US, Belarus to restore envoys after 10-year freeze

Minsk (AFP) –


The United States and Belarus are preparing to exchange ambassadors after more than a decade-long freeze, a senior US diplomat said on Tuesday.

US Undersecretary for Political Affairs David Hale met with Belarusian President Alexander Lukashenko as Washington looks to improve ties with the isolated regime in Minsk.

In a statement released by the US embassy after the talks, Hale said US-Belarus relations were at a "historic juncture".

"It is my honour to announce that we are prepared to exchange ambassadors as the next step in normalising our relationship," he said.

Hale did not say when the ambassadors, who were withdrawn from both capitals in 2008 in a row over sanctions, might return.

Washington eased sanctions against Belarus in 2016.

Hale said that if Minsk shows more progress during upcoming parliamentary and presidential elections "we can discuss further easing of sanctions".

Belarus will hold parliamentary elections this year and presidential polls in 2020.

Often dubbed "Europe's last dictatorship", Belarus has been the target of Western sanctions over its poor rights record and lack of fair elections.

Hale also pointed out that Washington did not ask Belarus "to choose between East and West," saying it respected Belarus's "desire to chart its own course".

The 65-year-old Lukashenko is a key ally of Russian President Vladimir Putin and Belarus's improvement in ties with Washington comes amid apparent Kremlin pressure for closer ties between Moscow and Minsk.

- 'New chapter' in ties -

During the talks with Hale on Tuesday, Lukashenko also said he wanted to improve ties with Washington.

"We will do everything for our relations to develop," he said in comments released by his office.

He praised Washington's interest in Belarus and alluded to the two countries' common victory over the Nazis in World War II.

"It is not normal when two countries which used to fight together against the enemy today have weak ties," Lukashenko said.

Hale's visit follows a trip to Belarus last month by then-national security advisor John Bolton aimed at improving US relations with Minsk.

Lukashenko said then that he was looking to open a "new chapter" in ties with Washington.
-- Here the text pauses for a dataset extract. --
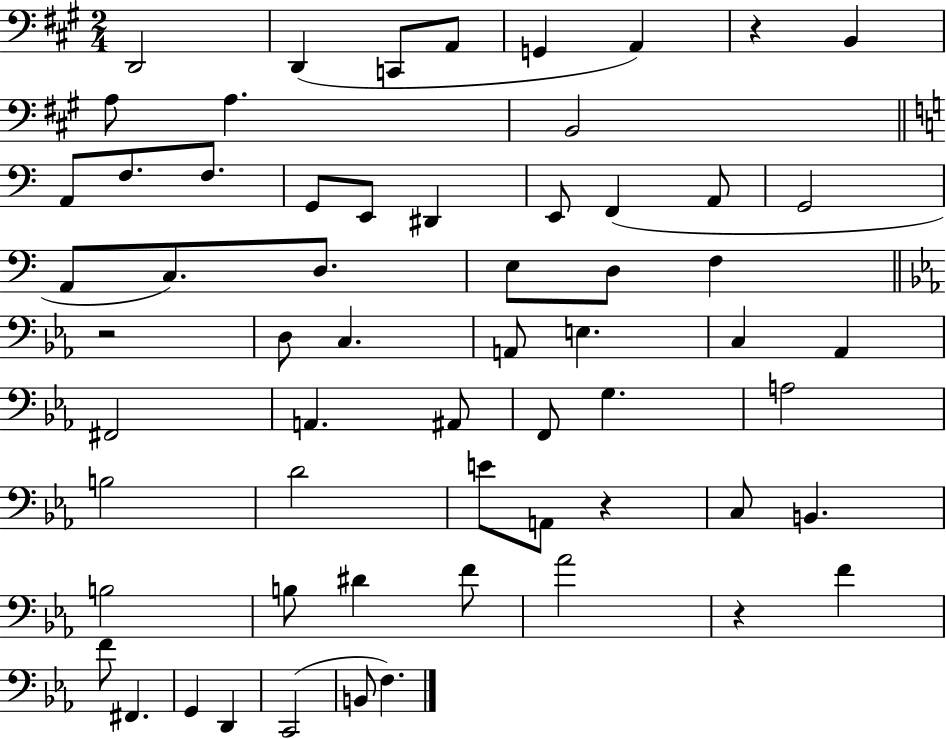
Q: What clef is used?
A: bass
The rapprochement with the United States comes as Moscow is pressuring Minsk into closer integration.

The idea has been repeatedly discussed since Putin's re-election last year, with some seeing unification with Belarus as a way for the longtime Russian leader to circumvent his country's constitutional term limits.

Russia is Belarus's closest ally and the two have formed a nominal "union" with close trade and military cooperation while arguing over sticking points such as energy prices and import duties.
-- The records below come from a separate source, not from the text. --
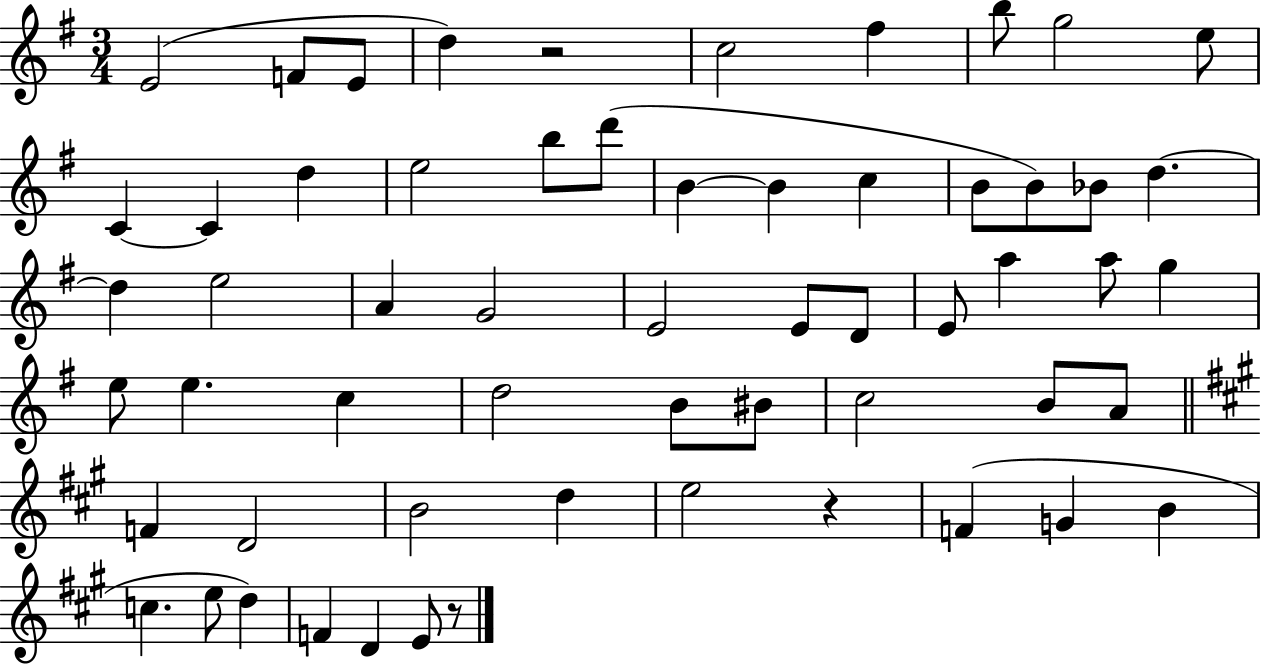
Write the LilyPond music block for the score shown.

{
  \clef treble
  \numericTimeSignature
  \time 3/4
  \key g \major
  e'2( f'8 e'8 | d''4) r2 | c''2 fis''4 | b''8 g''2 e''8 | \break c'4~~ c'4 d''4 | e''2 b''8 d'''8( | b'4~~ b'4 c''4 | b'8 b'8) bes'8 d''4.~~ | \break d''4 e''2 | a'4 g'2 | e'2 e'8 d'8 | e'8 a''4 a''8 g''4 | \break e''8 e''4. c''4 | d''2 b'8 bis'8 | c''2 b'8 a'8 | \bar "||" \break \key a \major f'4 d'2 | b'2 d''4 | e''2 r4 | f'4( g'4 b'4 | \break c''4. e''8 d''4) | f'4 d'4 e'8 r8 | \bar "|."
}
Establishing a unified state with Belarus could possibly extend Putin's time in power when his fourth presidential term ends in 2024 by making him the head of a new "unified" state including Belarus.

Lukashenko, a Soviet-era collective farm chief who become Belarus's first post-independence president, has welcomed closer ties but pushed back at the idea of unification.

Moscow has denied that outright unification is on the cards.